[Records from a dataset]
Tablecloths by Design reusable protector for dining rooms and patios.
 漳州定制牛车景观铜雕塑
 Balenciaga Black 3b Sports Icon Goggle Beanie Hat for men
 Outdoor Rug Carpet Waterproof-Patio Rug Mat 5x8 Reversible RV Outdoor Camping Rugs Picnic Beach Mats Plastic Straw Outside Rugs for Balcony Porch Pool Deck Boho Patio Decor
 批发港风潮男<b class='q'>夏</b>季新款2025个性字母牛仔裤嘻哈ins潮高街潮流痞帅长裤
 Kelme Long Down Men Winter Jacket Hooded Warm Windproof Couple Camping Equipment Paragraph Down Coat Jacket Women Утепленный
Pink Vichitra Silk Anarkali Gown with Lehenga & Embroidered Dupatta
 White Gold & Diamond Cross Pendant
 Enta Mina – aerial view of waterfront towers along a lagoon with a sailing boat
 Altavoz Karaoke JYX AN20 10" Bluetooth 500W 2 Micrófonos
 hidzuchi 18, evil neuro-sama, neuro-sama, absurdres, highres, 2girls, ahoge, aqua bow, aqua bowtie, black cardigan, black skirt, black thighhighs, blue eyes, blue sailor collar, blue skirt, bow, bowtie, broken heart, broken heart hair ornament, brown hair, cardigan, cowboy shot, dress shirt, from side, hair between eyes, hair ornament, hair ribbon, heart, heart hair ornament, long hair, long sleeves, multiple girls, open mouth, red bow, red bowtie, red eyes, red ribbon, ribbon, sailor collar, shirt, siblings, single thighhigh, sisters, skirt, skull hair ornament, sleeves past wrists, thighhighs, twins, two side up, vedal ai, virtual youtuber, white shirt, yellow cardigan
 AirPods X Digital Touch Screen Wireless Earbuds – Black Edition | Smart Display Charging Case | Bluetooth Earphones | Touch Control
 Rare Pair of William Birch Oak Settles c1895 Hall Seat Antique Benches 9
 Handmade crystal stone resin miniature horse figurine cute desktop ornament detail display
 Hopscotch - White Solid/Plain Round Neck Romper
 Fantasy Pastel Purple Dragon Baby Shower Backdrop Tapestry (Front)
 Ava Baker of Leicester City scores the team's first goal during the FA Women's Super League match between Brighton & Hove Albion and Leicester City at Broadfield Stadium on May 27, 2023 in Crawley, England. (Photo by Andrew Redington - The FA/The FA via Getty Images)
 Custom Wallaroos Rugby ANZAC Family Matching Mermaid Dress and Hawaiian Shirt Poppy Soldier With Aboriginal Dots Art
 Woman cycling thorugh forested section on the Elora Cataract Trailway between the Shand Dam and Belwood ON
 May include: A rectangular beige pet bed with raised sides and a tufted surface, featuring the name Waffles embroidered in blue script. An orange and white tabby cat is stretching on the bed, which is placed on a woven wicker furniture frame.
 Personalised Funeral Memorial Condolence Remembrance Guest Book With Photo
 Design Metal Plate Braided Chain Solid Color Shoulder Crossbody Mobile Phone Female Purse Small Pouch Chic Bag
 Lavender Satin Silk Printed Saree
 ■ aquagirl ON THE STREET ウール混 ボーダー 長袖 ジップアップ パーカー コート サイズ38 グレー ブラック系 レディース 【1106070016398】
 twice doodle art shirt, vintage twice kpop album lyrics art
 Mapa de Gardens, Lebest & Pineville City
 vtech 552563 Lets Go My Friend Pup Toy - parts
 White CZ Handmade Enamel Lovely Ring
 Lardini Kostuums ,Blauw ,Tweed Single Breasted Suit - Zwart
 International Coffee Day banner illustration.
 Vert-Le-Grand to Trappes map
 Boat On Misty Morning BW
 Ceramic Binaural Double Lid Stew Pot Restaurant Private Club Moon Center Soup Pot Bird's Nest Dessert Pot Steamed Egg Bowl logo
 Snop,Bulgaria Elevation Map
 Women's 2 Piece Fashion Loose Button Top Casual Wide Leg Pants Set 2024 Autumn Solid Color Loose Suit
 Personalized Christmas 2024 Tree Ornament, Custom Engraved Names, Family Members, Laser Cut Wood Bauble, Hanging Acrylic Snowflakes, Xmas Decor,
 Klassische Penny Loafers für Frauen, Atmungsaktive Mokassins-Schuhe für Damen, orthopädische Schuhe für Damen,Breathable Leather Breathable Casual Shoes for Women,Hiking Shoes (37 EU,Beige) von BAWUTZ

(Required work): Scan the records above for the string "Family", and copy every line where it turns up.

(Reply to the task):
 Custom Wallaroos Rugby ANZAC Family Matching Mermaid Dress and Hawaiian Shirt Poppy Soldier With Aboriginal Dots Art
 Personalized Christmas 2024 Tree Ornament, Custom Engraved Names, Family Members, Laser Cut Wood Bauble, Hanging Acrylic Snowflakes, Xmas Decor,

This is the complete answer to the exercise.